Thème : Terre vue de l'espace - Montagnes - Collines - Neige - Glace  (539 images)

Titre : College Fjord, Prince Williams Sound

Description : (La description de cette image n'existe qu'en anglais)

The College Fjord with its glaciers was imaged on June 24, 2000. This image covers an area 20 kilometers (13 miles) wide and 24 kilometers (15 miles) long in three bands of the reflected visible and infrared wavelength region. College Fjord is located in Prince Williams Sound, east of Seward, Alaska. Vegetation is in red, and snow and ice are white and blue. Ice bergs calved off of the glaciers can be seen as white dots in the water.
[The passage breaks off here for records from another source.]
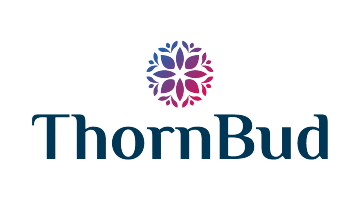 thornbud.com is for sale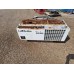 THERMO KING MD-1 50 SS IV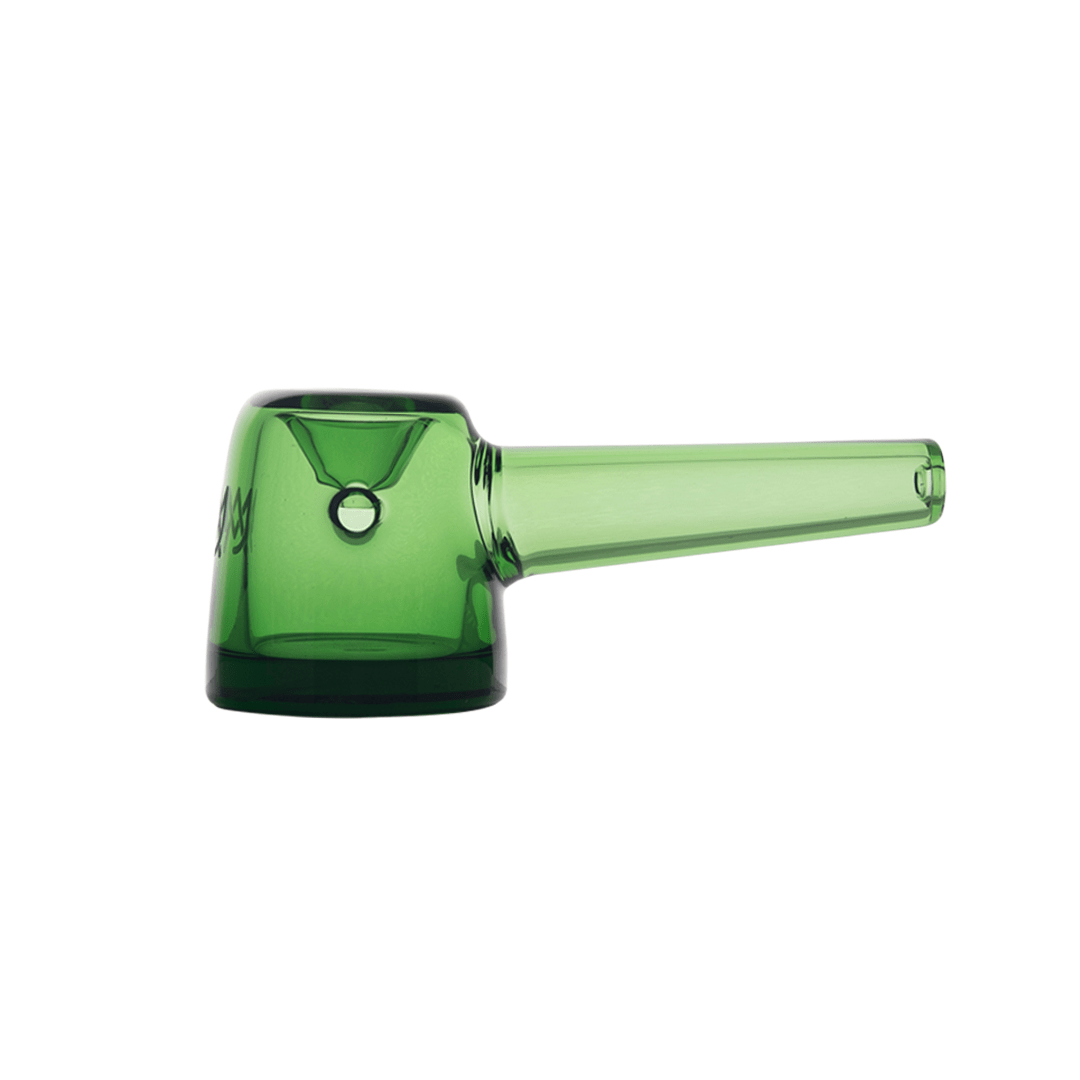 MJ Arsenal Deco Hand Pipe - Alderson Family Farms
At the head of the fjord, Harvard Glacier (left) is one of the few advancing glaciers in the area; dark streaks on the glacier are medial moraines: rock and dirt that indicate the incorporated margins of merging glaciers. Yale Glacier to the right is retreating, exposing (now vegetated) bedrock where once there was ice. On the west edge of the fjord, several small glaciers enter the water. This fjord is a favorite stop for cruise ships plying Alaska's inland passage. The instrument was built by Japan's Ministry of International Trade and Industry. A joint U.S./Japan science team is responsible for validation and calibration of the instrument and the data products. Dr. Anne Kahle at NASA's Jet Propulsion Laboratory, Pasadena, Calif., is the U.S. Science team leader; Moshe Pniel of JPL is the project manager. The primary goal of the mission is to obtain high- resolution image data in 14 channels over the entire land surface, as well as black and white stereo images. With revisit time of between 4 and 16 days, the satellite will provide the capability for repeat coverage of changing areas on Earth's surface. The broad spectral coverage and high spectral resolution of the satellite will provide scientists in numerous disciplines with critical information for surface mapping, and monitoring dynamic conditions and temporal change. Example applications are: monitoring glacial advances and retreats, monitoring potentially active volcanoes, identifying crop stress, determining cloud morphology and physical properties, wetlands Evaluation, thermal pollution monitoring, coral reef degradation, surface temperature mapping of soils and geology, and measuring surface heat balance.